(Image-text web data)
*-*-*
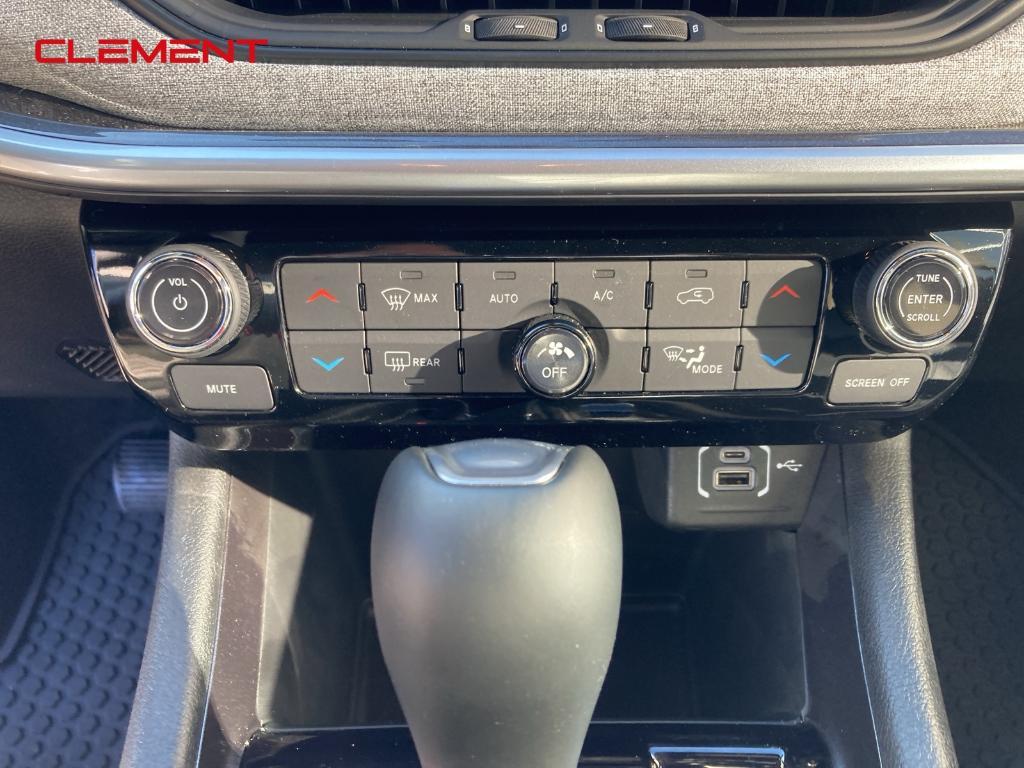 new 2025 Jeep Compass car, priced at $31,238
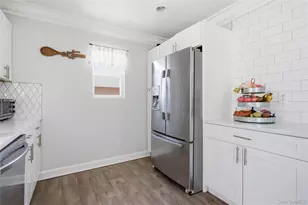 254 40th St, Copiague, NY 11726 - Photo 9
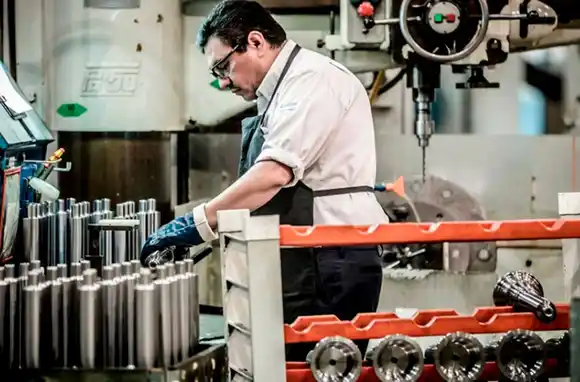 Trabajadores informales ya pueden contratar colaboradores: “Esto trae una zona gris”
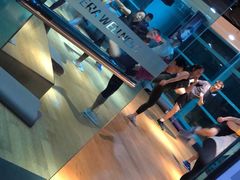 -一兆韦德健身(慧芝湖店)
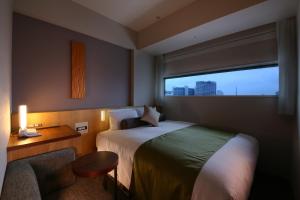 格拉斯丽新宿酒店客房内的一张或多张床位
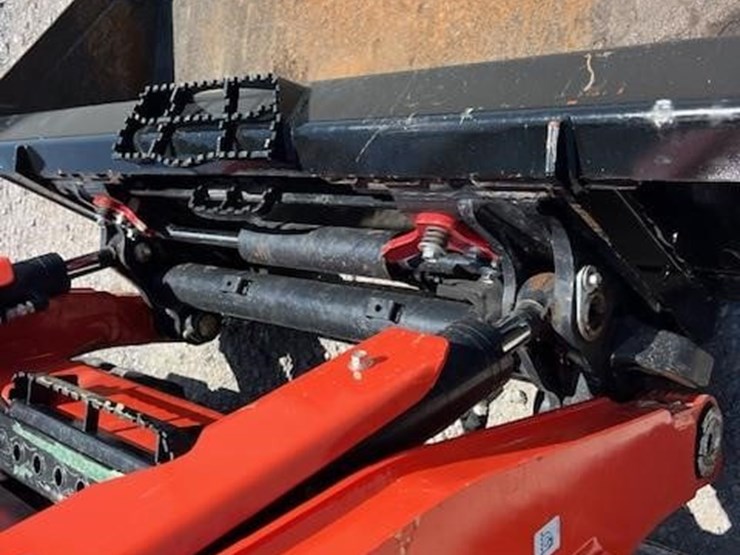 2024-kubota-svl75-3-image-28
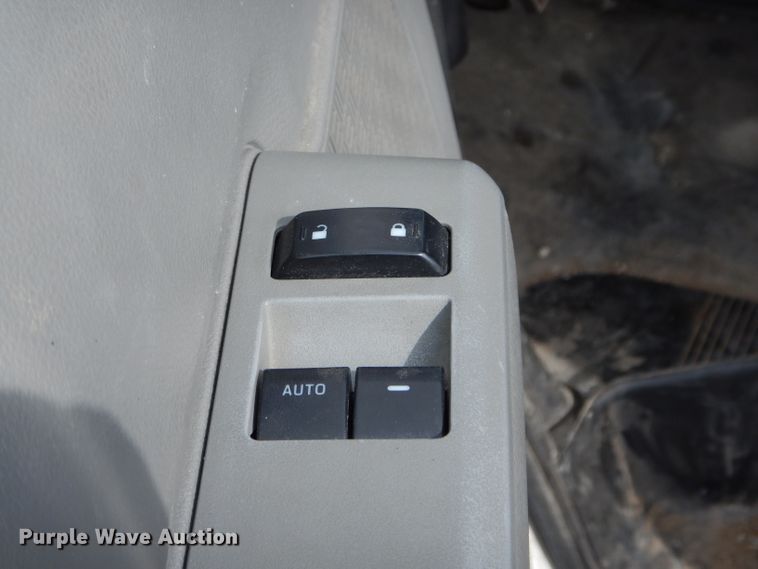 image for item EU9875 2010 Ford E250 van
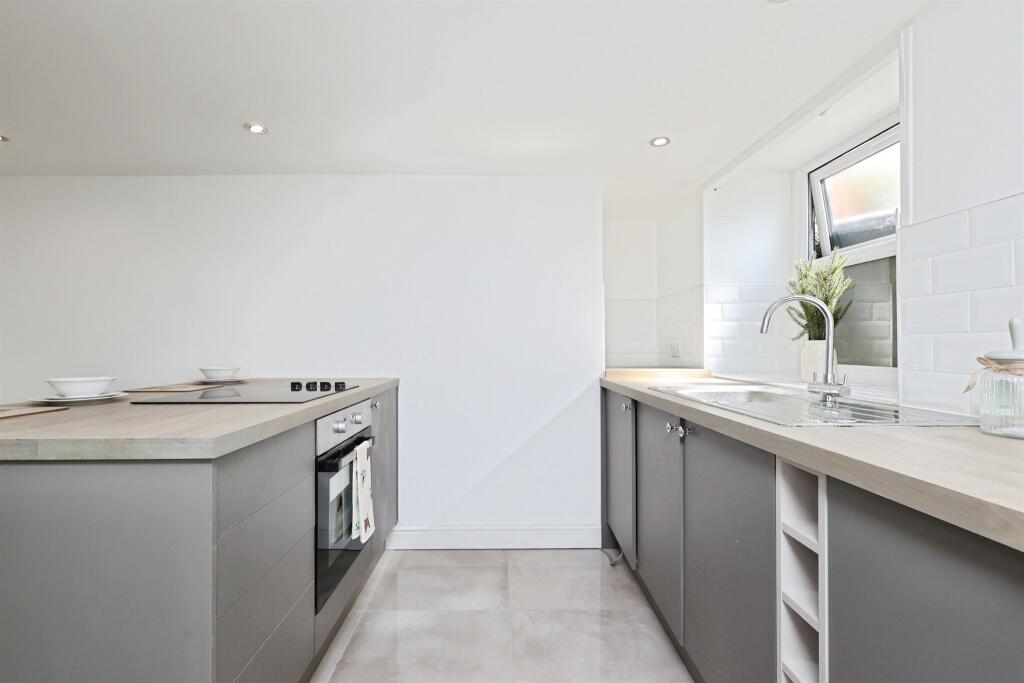 Additional image 6 of Elizabeth Street, Bingley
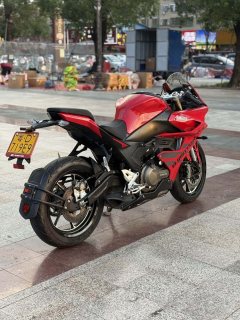 QJMOTOR Roewe i5 550 / Sai 550 *(Context-dependent, usually referring to the motorcycle "Sai 550" or Roewe car v - photo 9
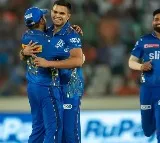 Finally a Tendulkar picks up an IPL wicket Sachin thrilled for son Arjun last over heroics for MI vs SRH
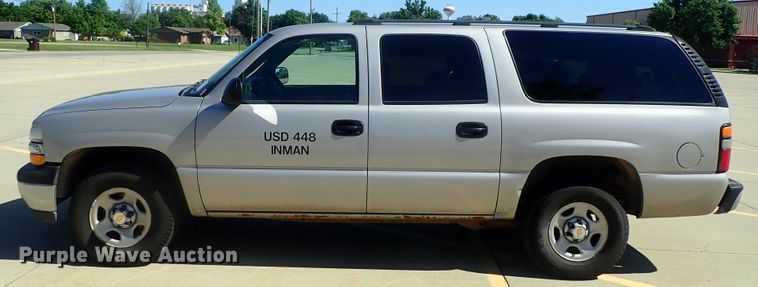 image for item DG2174 2004 Chevrolet Suburban 1500  SUV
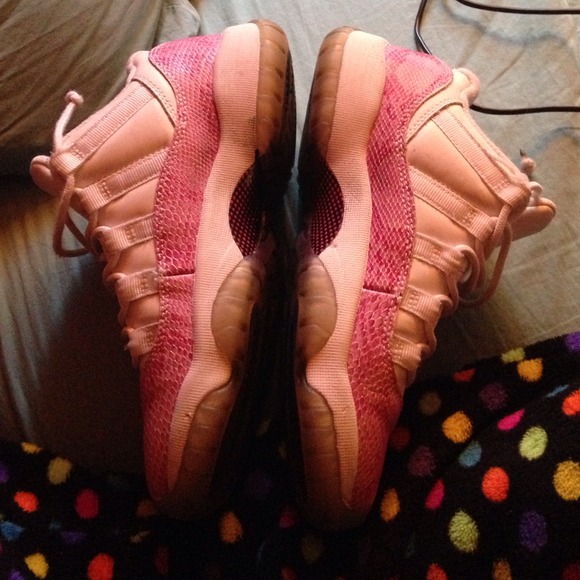SOLD😛😛 RE-POSH Pink snake skin 11s - Picture 3 of 4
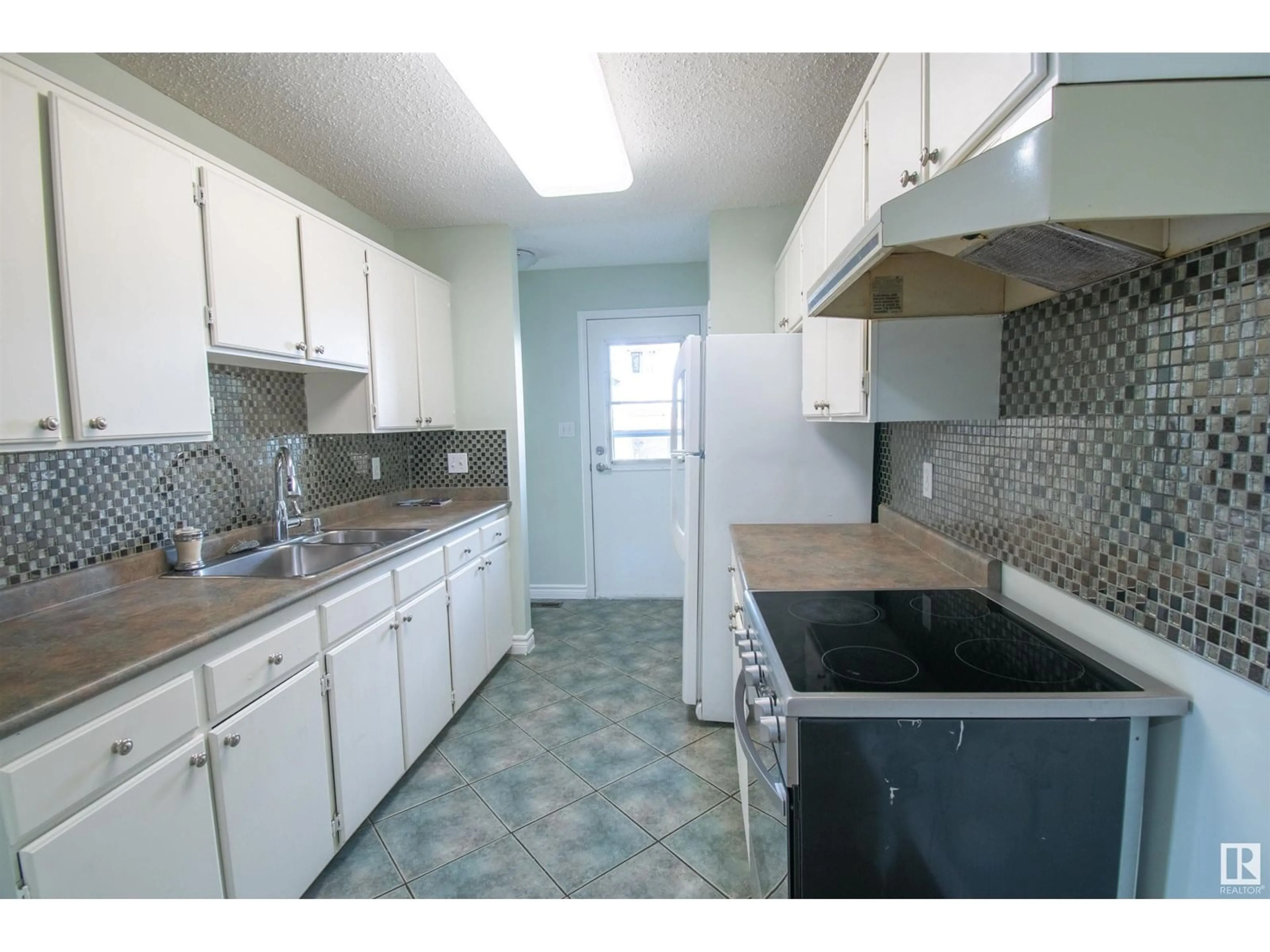 Standard kitchen, unknown for 835 ERIN PL, Edmonton Alberta T5T1M6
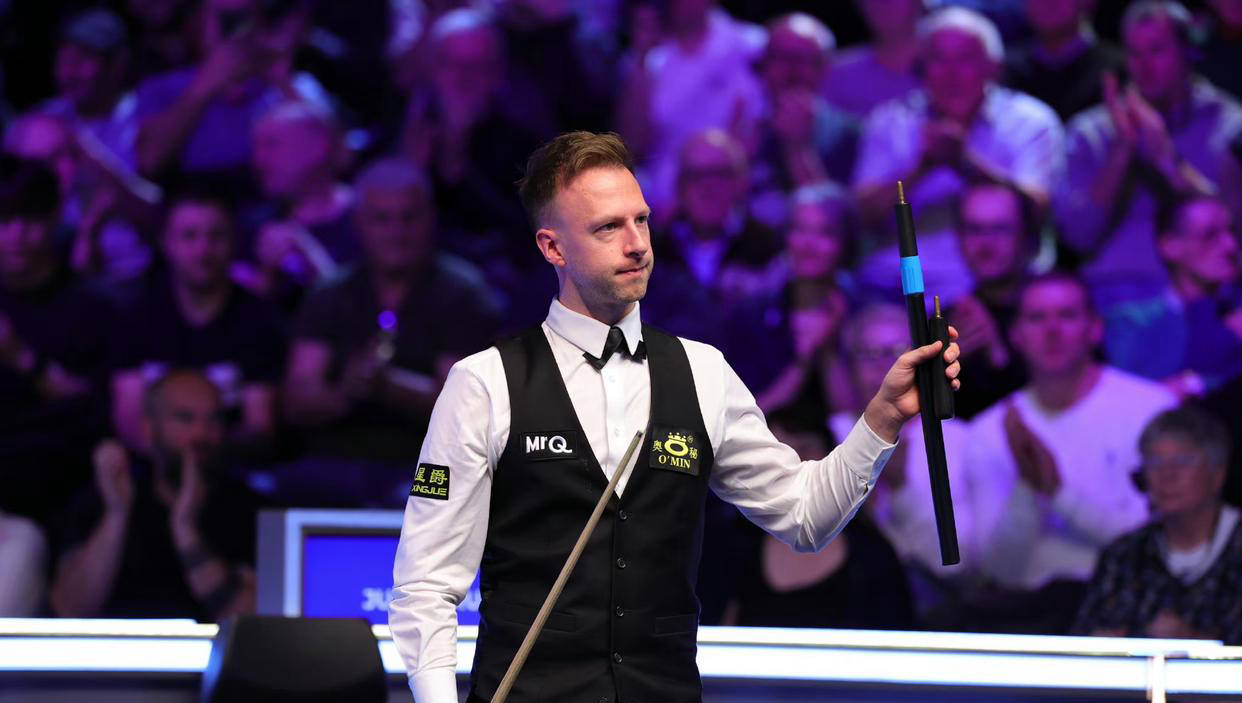 郑钦文高情商回应“总决赛合照C位”：老外拍照没固定位置，随意排的东南早报.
*-*-*
## DIRECTIONS
Please give all of the data again, exact and free of pictures.

## EXERCISE ANSWER
 new 2025 Jeep Compass car, priced at $31,238
 254 40th St, Copiague, NY 11726 - Photo 9
 Trabajadores informales ya pueden contratar colaboradores: “Esto trae una zona gris”
 -一兆韦德健身(慧芝湖店)
 格拉斯丽新宿酒店客房内的一张或多张床位
 2024-kubota-svl75-3-image-28
 image for item EU9875 2010 Ford E250 van
 Additional image 6 of Elizabeth Street, Bingley
 QJMOTOR Roewe i5 550 / Sai 550 *(Context-dependent, usually referring to the motorcycle "Sai 550" or Roewe car v - photo 9
 Finally a Tendulkar picks up an IPL wicket Sachin thrilled for son Arjun last over heroics for MI vs SRH
 image for item DG2174 2004 Chevrolet Suburban 1500  SUV
SOLD😛😛 RE-POSH Pink snake skin 11s - Picture 3 of 4
 Standard kitchen, unknown for 835 ERIN PL, Edmonton Alberta T5T1M6
 郑钦文高情商回应“总决赛合照C位”：老外拍照没固定位置，随意排的东南早报.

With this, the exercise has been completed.